(Work to be completed):
All pictures are to be dropped, and everything else in the data duplicated exactly.

(Data extract):
————————
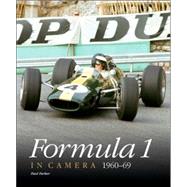 Formula 1 in Camera 1960-69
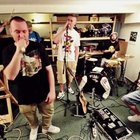 Bbarák.cz: Ako to šlape Live Bandu, keď miesto Kata sprevádza Moju Reč?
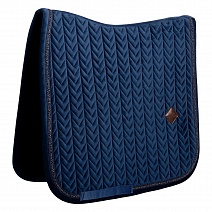 42750..ВАЛЬТРАП "Velvet Mini Peals" DR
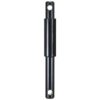 Liftbolt dobbelt 22 - 28 - 22mm Kat. 1/2 (Ø22/28mm) HD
————————
(Written answer):
 Formula 1 in Camera 1960-69
 Bbarák.cz: Ako to šlape Live Bandu, keď miesto Kata sprevádza Moju Reč?
 42750..ВАЛЬТРАП "Velvet Mini Peals" DR
 Liftbolt dobbelt 22 - 28 - 22mm Kat. 1/2 (Ø22/28mm) HD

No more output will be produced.